(Reuters) – A string of missteps at a $10 billion Angolan liquefied natural gas venture has hurt Chevron Corp’s reputation as a top-notch operator of profitable energy projects around the world.
Chief Executive Officer John Watson vowed Chevron will learn from the stumbles, which include multiple electrical fires, pipeline leaks, and even a worker’s death after a rig collapsed last summer. The company plans to have the LNG project up and running by next year.
“Ultimately, we’re accountable for it,” Watson said in an interview with Reuters. “There have been some lessons learned on that (Angolan) project. But I don’t point fingers.

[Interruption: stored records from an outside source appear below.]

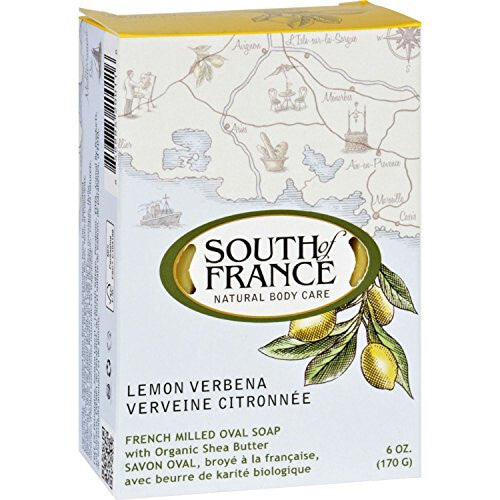 South Of France Bar Soap Lemon Verbena (1x6 OZ)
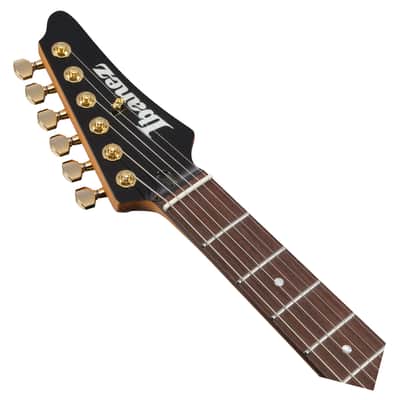 Used Ibanez AZ41P1EW AZ Premium Electric Guitar w/ Bag - Natural Gray Burst image 4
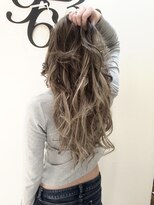 インプルーヴ アートスタイルヘアー(imProve Art style hair) 海外セレブトレンド☆外国人風バイヤレージュヘアー♪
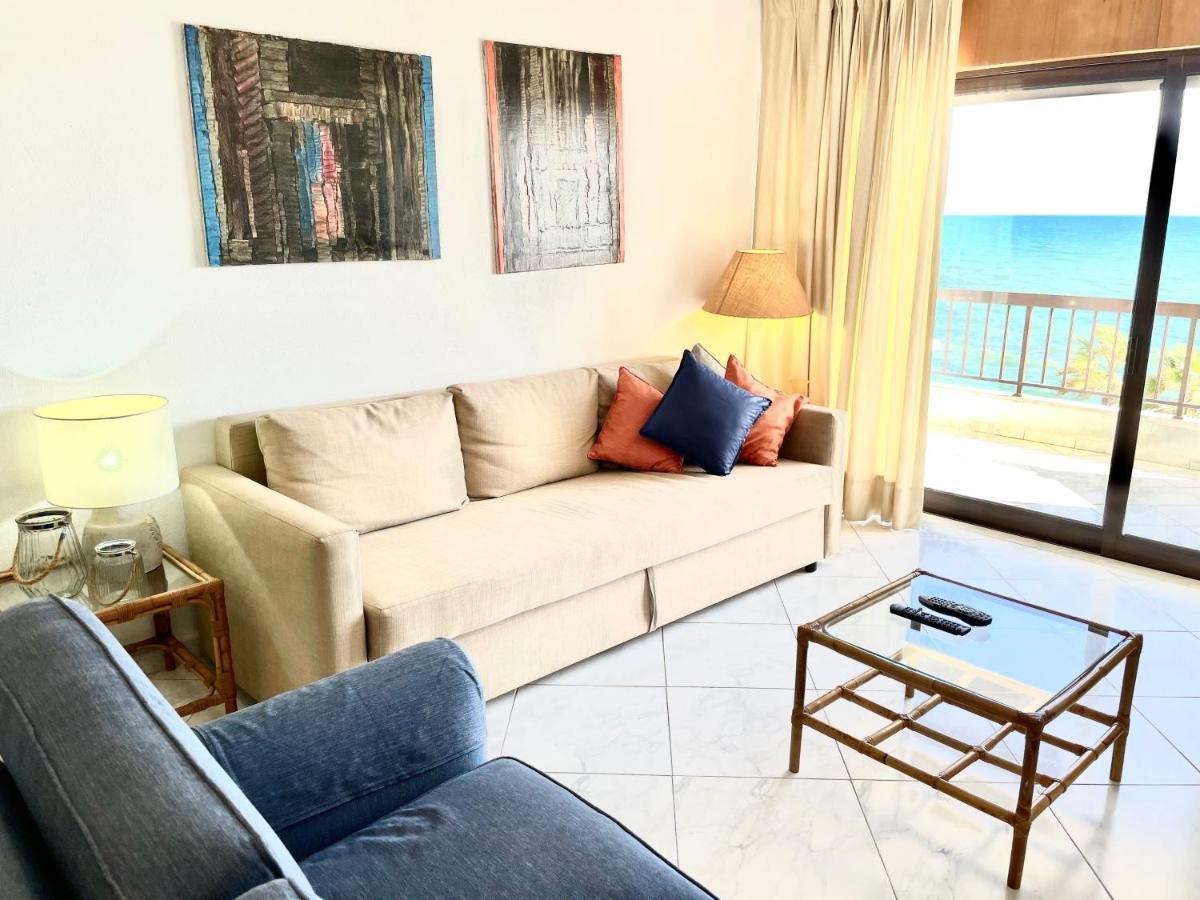 Atlantico View - Beach Front - Quarteira Exteriör bild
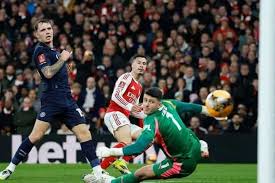 جشنواره گل آرسنال در یک نیمه؛ صعود مثل آب خوردن|فرارو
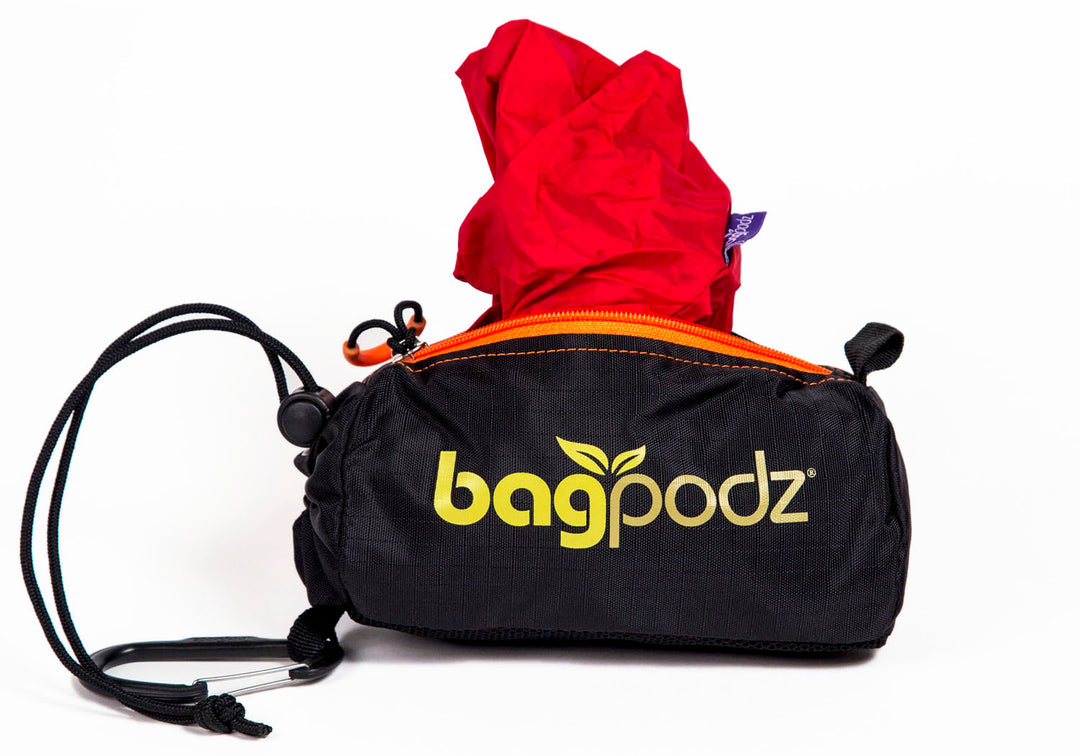 BagPodz 5 Pk. “Cayenne Red“ - GreenLivingSupply-Store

This is our responsibility.”
The frank comments, unusual for a major corporate leader, come as Wall Street pressures major energy companies to maintain or boost production to keep profits flowing – a goal made increasingly harder by the rising costs of finding remote oil and natural gas reserves.
The Angolan trouble led Chevron to create an internal project management system to better track contractors and subcontractors on major projects, Watson said. Chevron is the largest stakeholder in the Angolan project, with partners that include Total SA, BP Plc, ENI SpA and Angola’s Sonangol.

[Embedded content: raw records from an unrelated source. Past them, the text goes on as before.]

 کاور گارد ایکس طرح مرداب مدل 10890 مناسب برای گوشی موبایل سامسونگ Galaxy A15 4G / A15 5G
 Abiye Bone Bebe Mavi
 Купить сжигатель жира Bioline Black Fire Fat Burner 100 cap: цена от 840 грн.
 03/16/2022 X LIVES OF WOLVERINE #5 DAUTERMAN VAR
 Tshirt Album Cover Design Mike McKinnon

“We’ve learned from the experiences at Angola LNG and other projects, working to make sure those same issues, or issues like them, don’t happen on the next generation of projects,” he said.
Watson’s comments on the Angola project should help assuage concern the delay could cause the company to miss its 2014 production goals, roughly 2.61 million barrels of oil equivalent per day.

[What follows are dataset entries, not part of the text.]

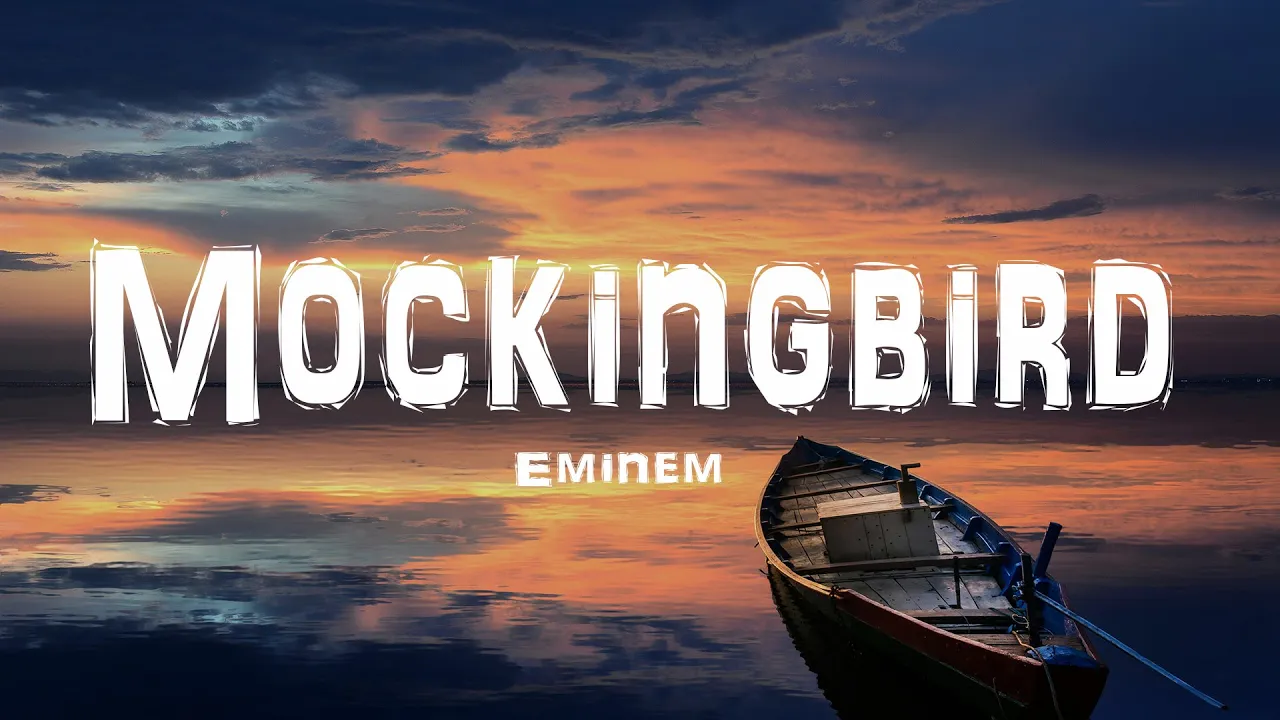 Eminem - Mockingbird (Lyrics)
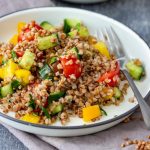 Easy Buckwheat Salad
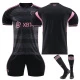 Away Team Black No Number, Plus Socks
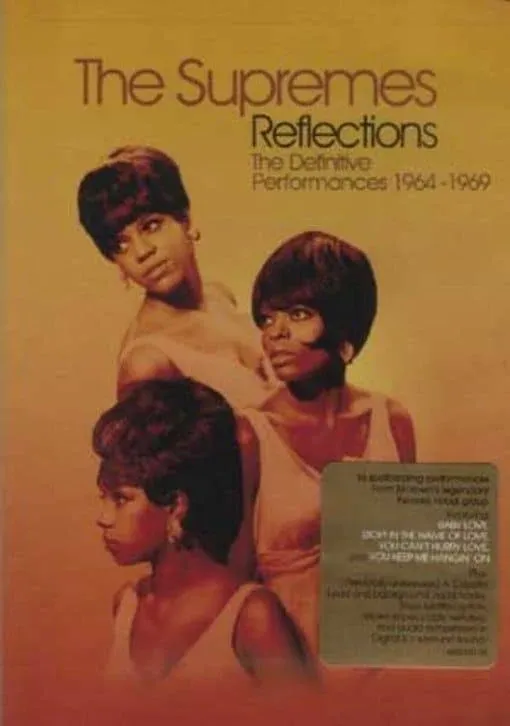 Supremes - Reflections: The Definitive Performances 1964-1969 (DVD, 2006) NEW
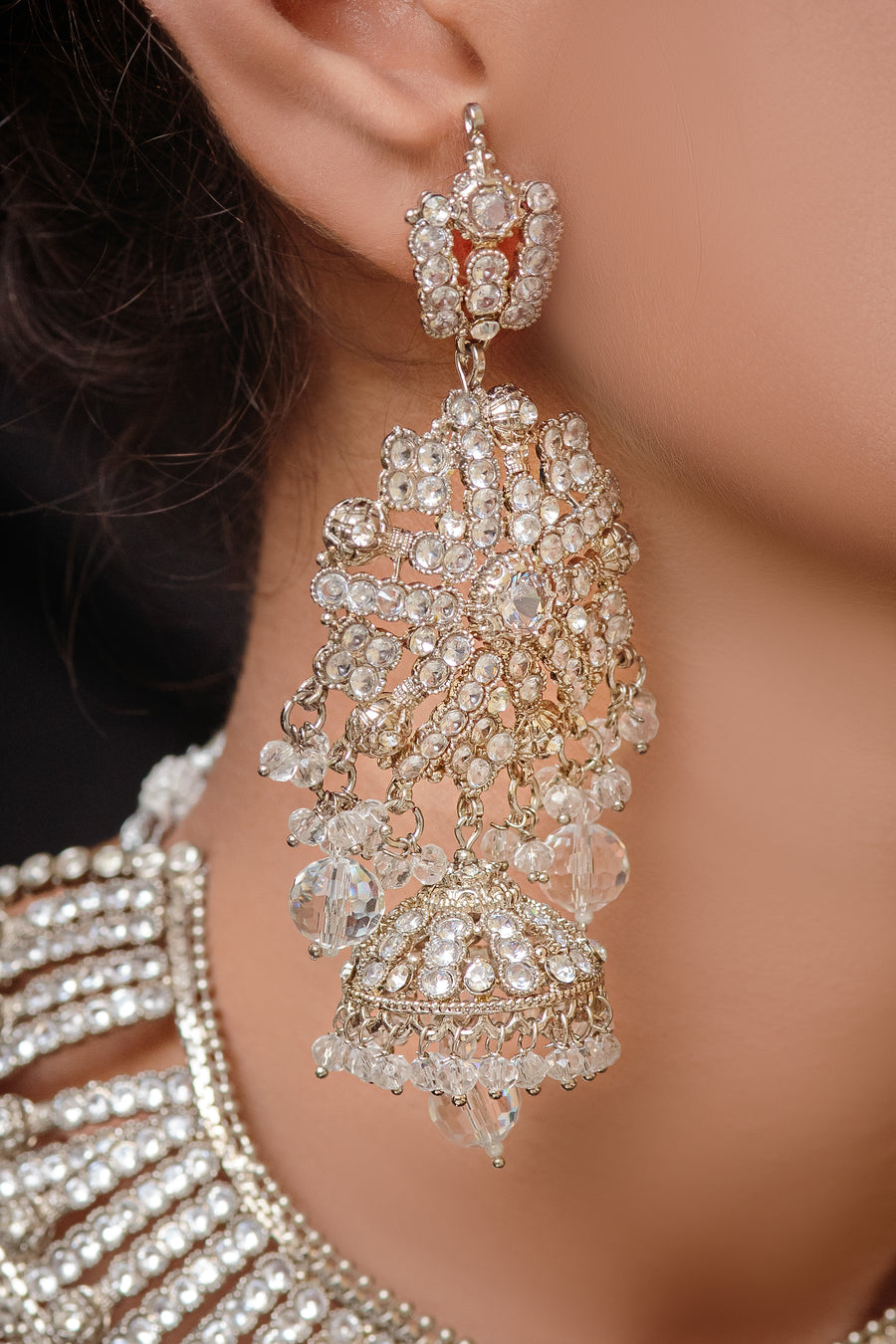 Kundan Artificial Jewellery set- Areeba's Couture
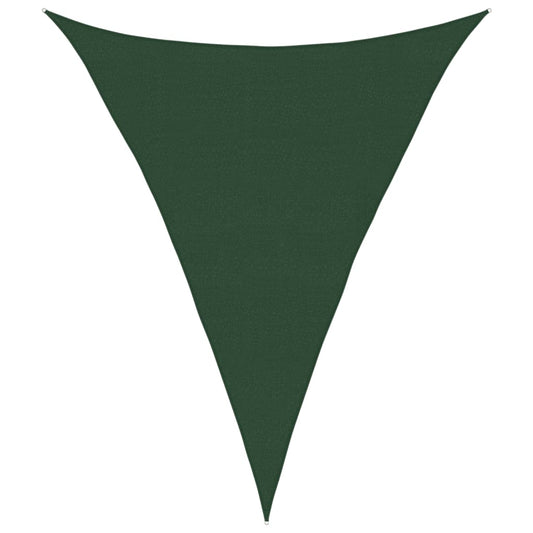Sunshade Sail 160 g/m² Dark Green 4x5x5 m HDPE Sunshade Sail 160 g/m² Dark Green 4x5x5 m HDPE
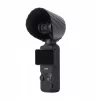 SUNNYLIFE Lens Sun Hood für DJI Osmo Pocket 3 - Schwarz
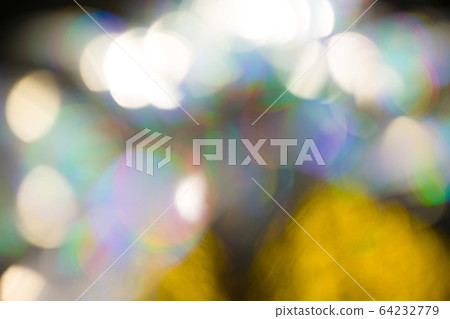 Multicolored rainbow large bokeh effect background Multicolored rainbow large bokeh effect background 64232779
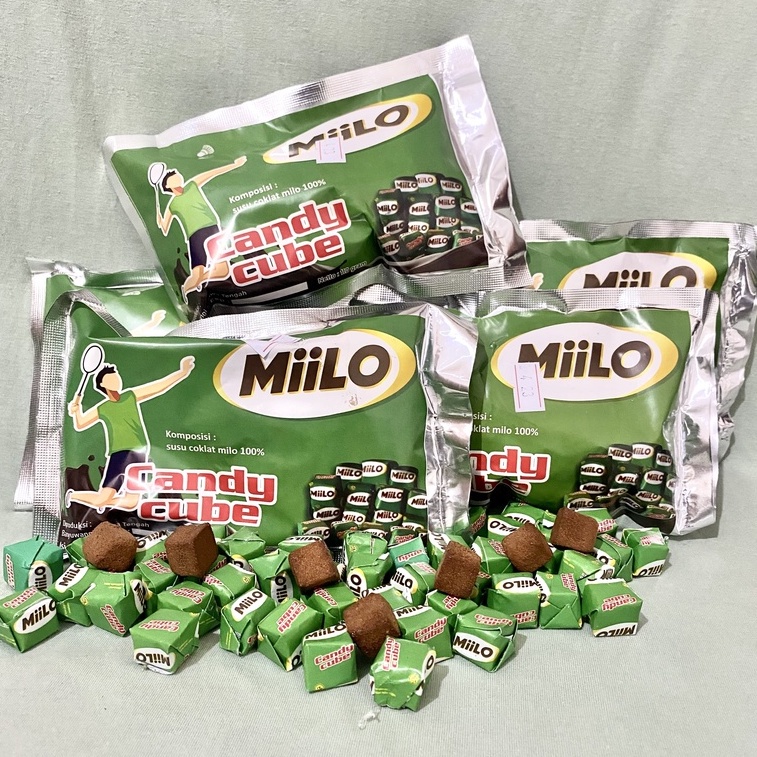 

MIILO CUBE ISI 50 CANDY CUBE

“We’re still on track to reach that,” Watson said.
The Angolan mishaps will help Chevron as it moves forward on engineering and design for its Kitimat LNG project in British Columbia, Watson said, an indication Chevron is unlikely to pull the plug even after Apache Corp quit.
Chevron is also nearing completion on two massive LNG projects off the Australian coast to supply Asian markets.
Even as Chevron works on LNG projects, the rise of the North American shale industry has boosted global supplies of natural gas. Chevron is a major natural gas producer in Pennsylvania’s Marcellus region.
Yet the company is struggling to lock-in sales contracts for its Gorgon LNG plant in Australia, the world’s most-expensive LNG operation.
In Australia, seven LNG projects should be online by 2017, which, taken with the North American shale renaissance, have raised concerns about global oversupply.
Brushing aside any worry, Watson referenced Japan, which is fazing out nuclear power, and China, with a rapidly rising middle class, as major customers. Chevron has said global LNG demand will double from 2012 to 2025.
“We think the demand will be strong for LNG for many years to come,” Watson added. “Many countries that don’t have these resources will continue to be major sources of demand.”